En fonction de ses attentes, le lecteur risque d'être fortement décontenancé, et peut-être déçu par le choix du scénariste concernant la résolution de son intrigue. Implicitement, le lecteur s'attend à ce qu'un ou deux enquêteurs réussissent à démasquer le coupable et qu'il y ait une résolution claire. Effectivement, cette dernière survient et l'histoire est bouclée en bonne et due forme. Effectivement, les enquêteurs parviennent à une intime conviction. Néanmoins, le dénouement ne correspond pas à ce qu'attendait le lecteur. Il est en droit de se sentir floué par le recours à des coïncidences bien pratiques, ou de très grosses ficelles. Il se souvient alors d'une discussion entre Jessica Blandy et Émile Sausek au cours de laquelle elle fait remarquer que le hasard, les coïncidences servent parfois un bon dénouement. Ce n'est pas la première fois que Dufaux s'exprime par la bouche de Jessica. Dans le tome précédent, il évoquait sa vocation d'écrivain ayant été générée par sa peur des mots, de ce qu'ils cachent, la seule façon de les apprivoiser, étant de les écrire, de leur donner un autre sens, le sien. Quoi qu'il en soit, c'est le schéma narratif qu'il a choisi de mettre en œuvre, une prise de risque par rapport aux habitudes du genre. Cela n'enlève rien au thème de fond du récit : le retour du comportement déviant, de l'écart par rapport à la normalité. Marc Watts dit à une interlocutrice qu'on se trompe toujours en parlant des fous. Le lecteur est le témoin de son comportement, de ses actes meurtriers, de son obsession avec le poisson comme nourriture, mais aussi de sa vie de père de famille aimant et attentif, de ses réelles compétences professionnelles, de son apparence des plus normales. Ses crimes échappent à toute explication : sa folie n'est pas explicable d'un point de vue rationnel. Quelque chose ne fonctionne pas bien dans son cerveau, de manière arbitraire. La mort de ses victimes s'est produite de manière tout aussi arbitraire. L'existence est soumise aux caprices du hasard, sans rime, ni raison.

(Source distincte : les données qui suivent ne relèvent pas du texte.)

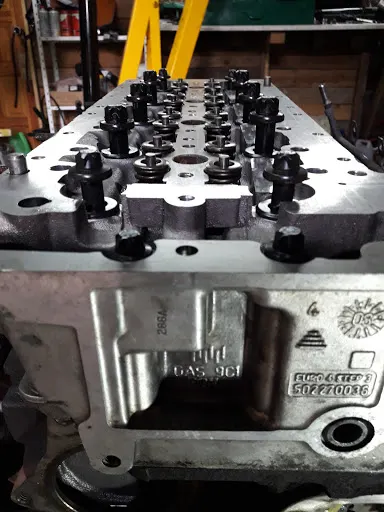 Moto Mag Marcin Pośpiech urwana świeca żarowa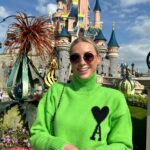 Charlotte Bobb Instagram – Votre pote heureuse d’être à Disney 🎠🎢😍 la dernière photo c’est le résumé de ma vie j’espère que c le votre aussi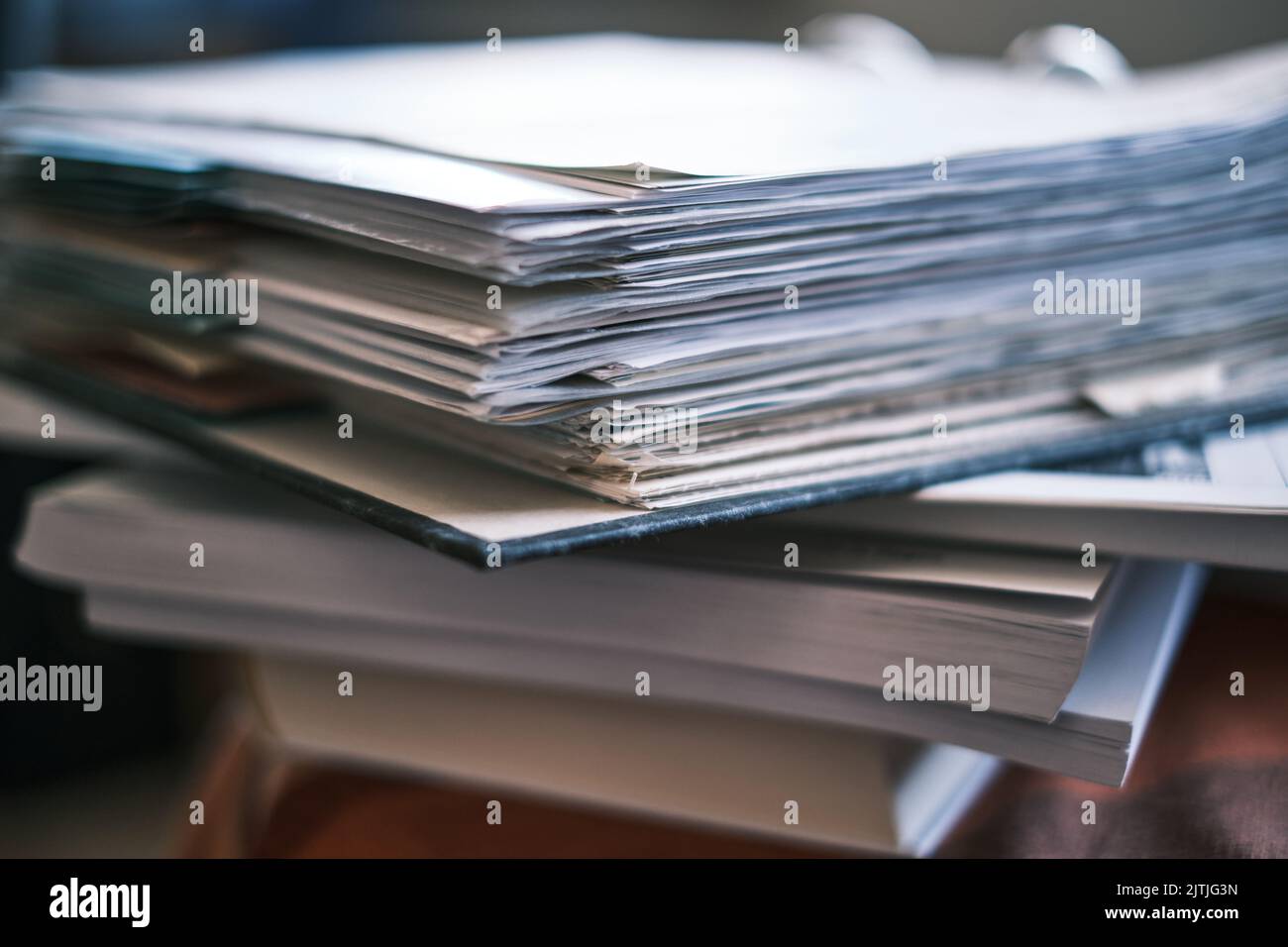 Pile de dossiers épais, de livrets et de livres. Banque D'Images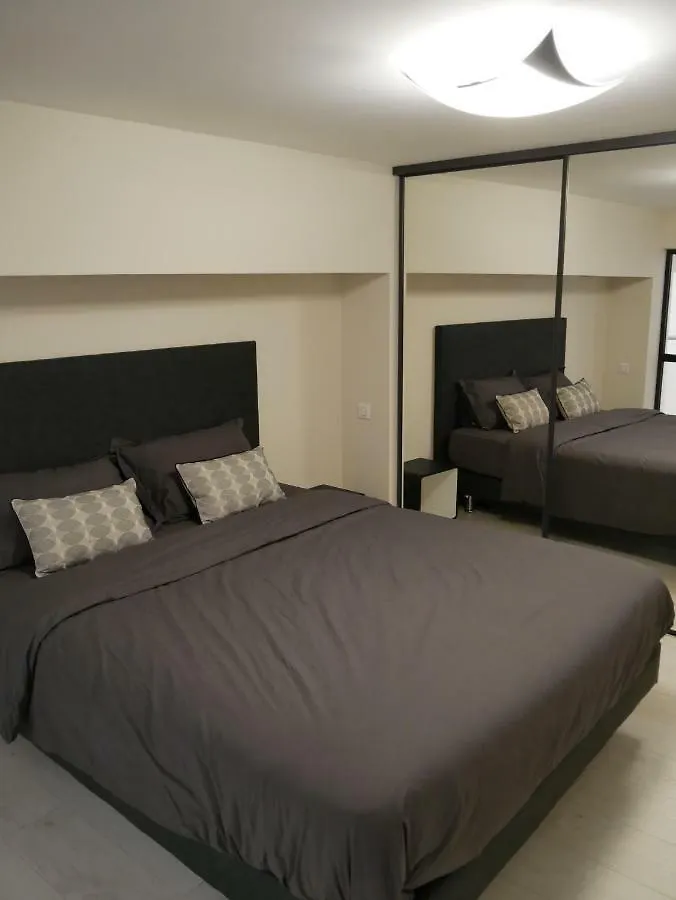 Ferienwohnung Grand Loft Chic Et Moderne, Deco Industrielle Beausoleil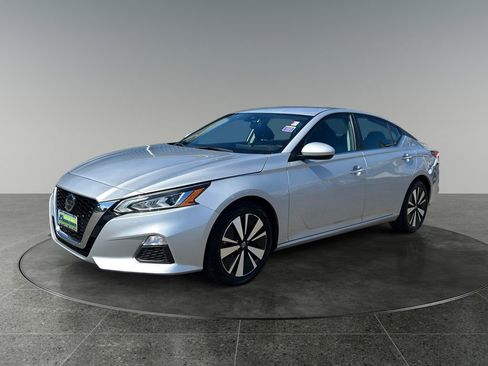Used 2022 Nissan Altima 2.5 SV FWD image 4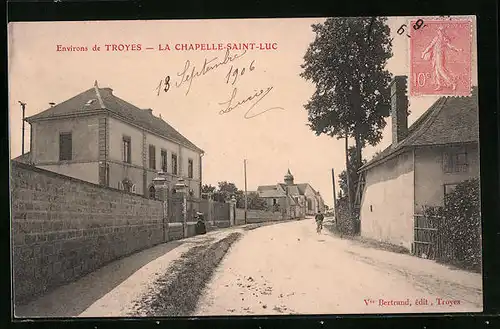 AK La Chapelle-Saint-Luc, Une rue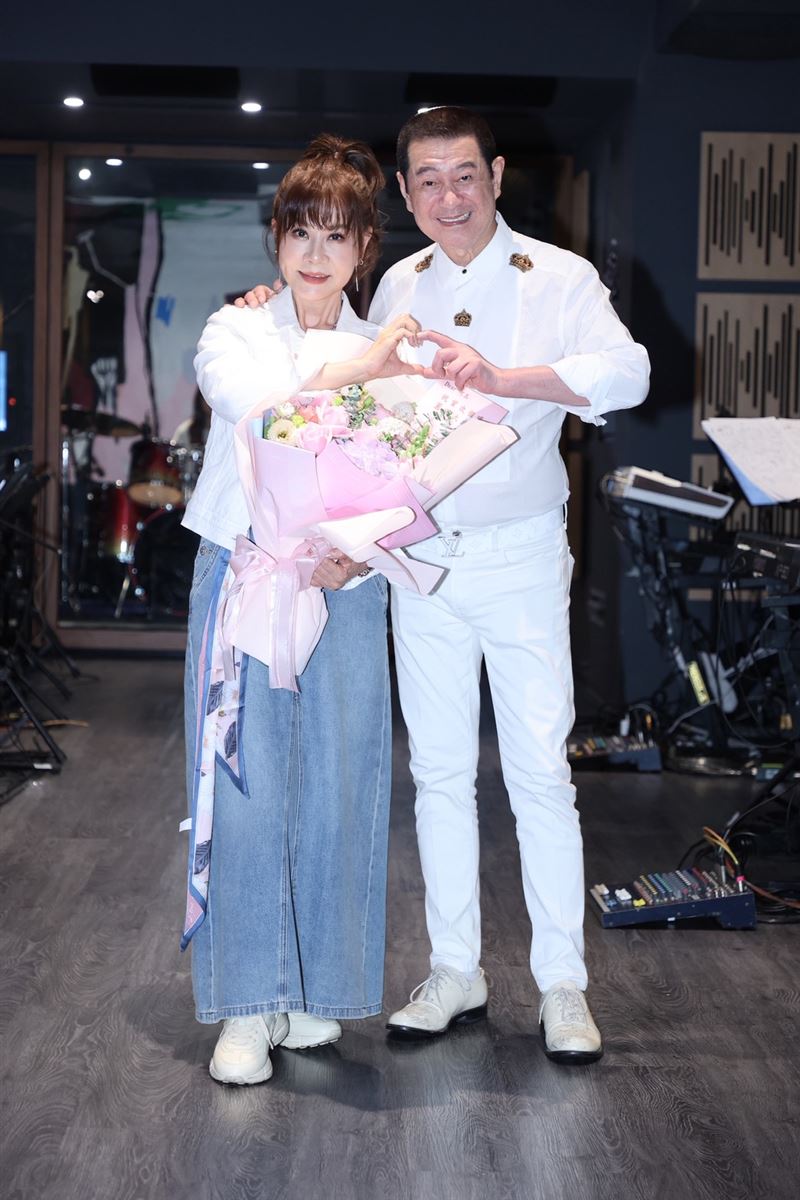 蔡小虎送上最愛的粉紅玫瑰花，讓龍千玉笑淚交織。（圖／記者鄭孟晃攝影）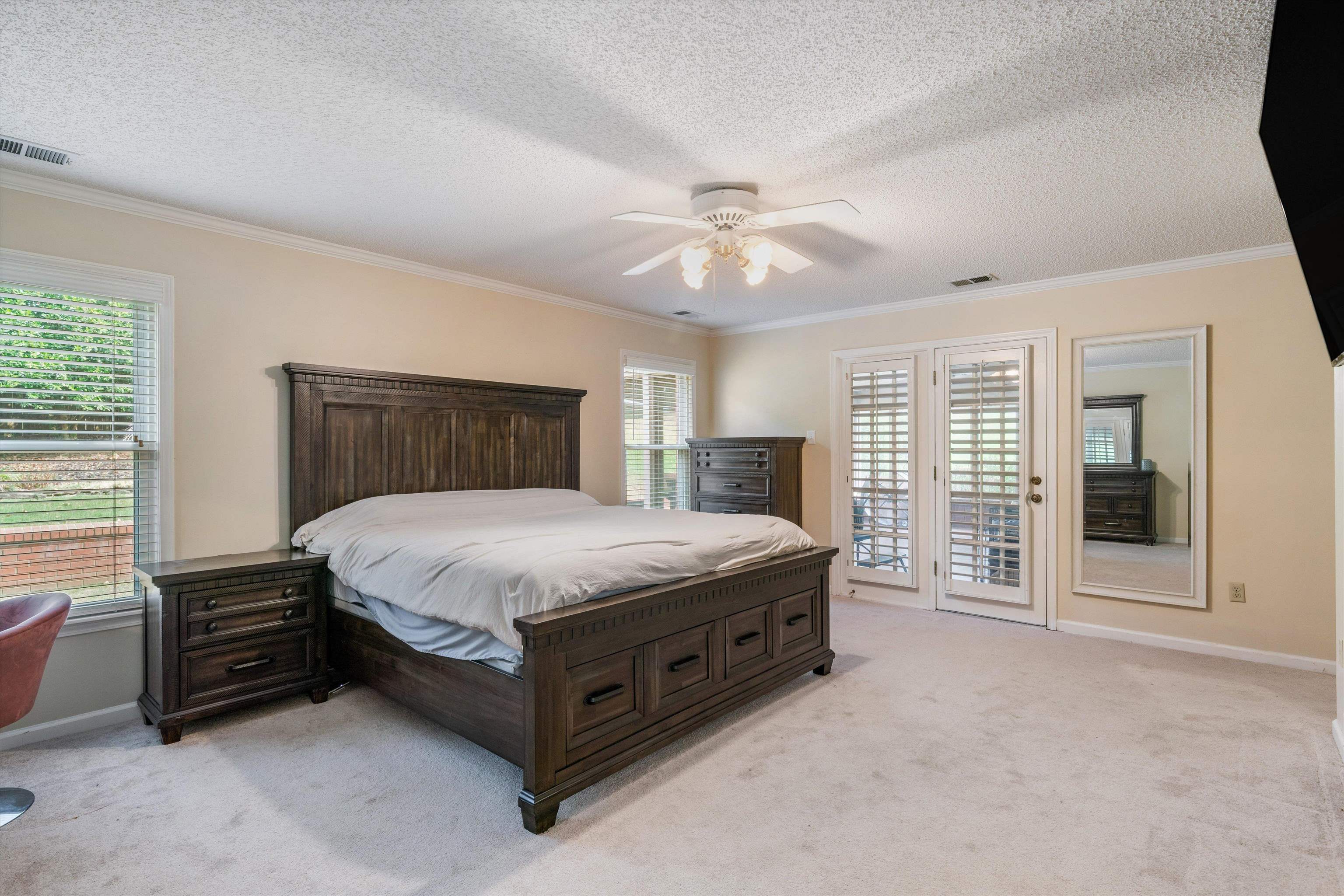 9427 MORNING WOODS CV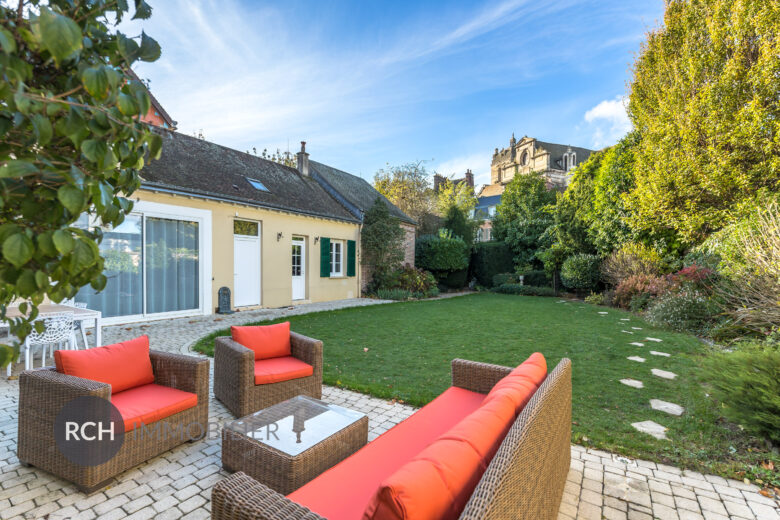 Photos du bien : Au coeur du centre historique de Dreux – Grande maison de Maître rénovée avec joli jardin arboré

Le lecteur retrouve tout ce qu'il peut attendre d'un tome de cette série : des crimes sordides, un tueur détraqué, des lieux typiquement américains montrés avec grand soin, des individus normaux se conduisant comme des adultes, une enquête avec une part de hasard et de chance. Il peut aussi compter sur Jean Dufaux pour tenter une structure de roman policier originale. En fonction de ses attentes, le lecteur peut estimer que le scénariste s'est laissé aller à la facilité avec des coïncidences bien pratiques, ou que ces coïncidences sont une autre forme du hasard qui a conduit le cerveau de Marc Watts à ne pas fonctionner normalement.